I would normally assume that Oscar Mayer was trying to bite into French’s publicity with the suspiciously-timed release, but 13 days seems like a tight turnaround to make enough product, repaint the ride, and get it to NYC. Coincidence? I’ll give them the benefit of the doubt.
Having just sampled two versions of French’s ice cream, I was revved and ready when that White-Walker-phallus truck pulled up steps away from the public restrooms of Bryant Park. Coincidence? Probably.
The standard paper hot dog trays, foil wrappers with logo stickers were underwhelming. French’s had branded cups, decorations, and napkins. Just sayin’. But I was fascinated by the ingredients list on the back – celery juice? Cherry powder?
The sandwich didn’t look like the advance photos. It was half the thickness and none of the color. The pink candied meat bits were the only way to tell the hot dog side from the mustard side.
Image on left via Oscar Mayer
I was not a fan of the cookie bun. Flavor-wise, it was a decent sugar cookie, but the texture was like a wet blondie. It didn’t hold a candle to the lovely Coolhaus pretzel cookie at French’s truck.
The spicy dijon gelato tasted exactly like what I expected when I tried the French’s ice cream – tangy, strong, and extremely mustardy. I didn’t like it at all. It didn’t mesh well with the hot dog ice cream, which was delightful.
Yes, I’ll say it again – the delightful hot dog ice cream. Its flavor was mostly vanilla (like French’s) but with meaty/savory hints when you got to the candied hot dog bits. It felt like a spin on ice cream with bacon. I would eat it again, but not in this combination.
Proving that we should all stay in our lanes, Oscar Mayer’s Hot Dog Ice Cream, French’s Mustard Ice Cream, and Coolhaus’ Pretzel Cookies would be an amazing trio.
Now, where is my Pizza Sorbet?
Purchased Price: Free Size: N/A Purchased at: Received at Oscar Mayer Ice Dog mobile Rating: 5 out of 10 (Hot Dog Ice Cream alone – 9 out of 10) Nutrition Facts: Not available.
You really get to know who your friends are in the moments after you yell across the office, “There’s a French’s Mustard Ice Cream Truck pop-up today for National Mustard Day – who’s going with me?!?!”
I thought I’d drag my co-workers, kicking and screaming, into my novelty-flavored world.
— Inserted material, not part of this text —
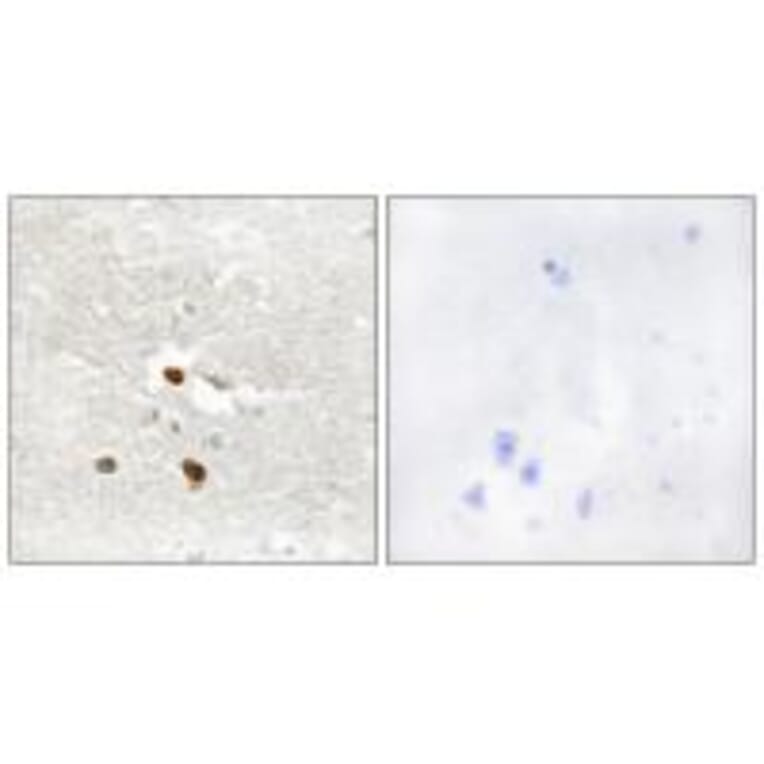 Immunohistochemistry - ZNF287 Antibody from Signalway Antibody (34071) - Antibodies.com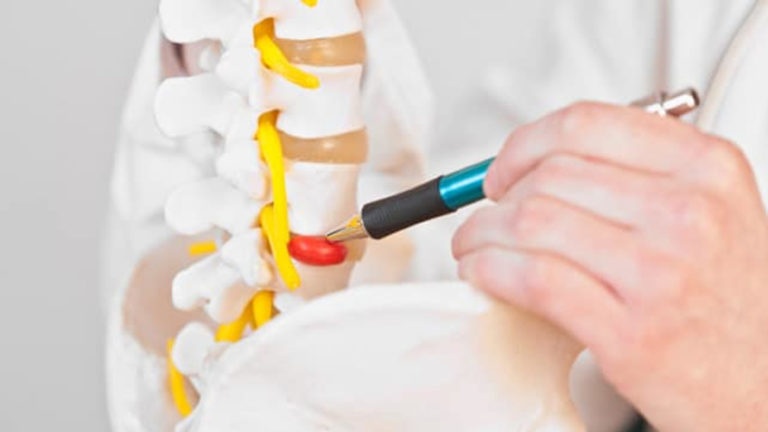 17 back pain chiropractic treatment Herniated Disc Recovery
I dared them into trying Wasabi and Spicy Chicken Wing Oreos. I buttered them up with Strawberry Cheesecake Kit Kats. But there I was, standing solo on a hot Rockefeller Center sidewalk, gleefully spooning bright yellow, mustard-flavored ice cream into my gaping maw. I couldn’t miss something as potentially horrifying as this.
My co-workers missed out, because, defying all odds and expectations, French’s Mustard Ice Cream was GOOD.
First things first – based on color alone, there was no question this was mustard ice cream. French’s and Coolhaus ice cream perfectly replicated that signature shade. The serving was a good size for a free sample – about a scoop and a half. It came with a Coolhaus pretzel cookie that was absolutely delicious.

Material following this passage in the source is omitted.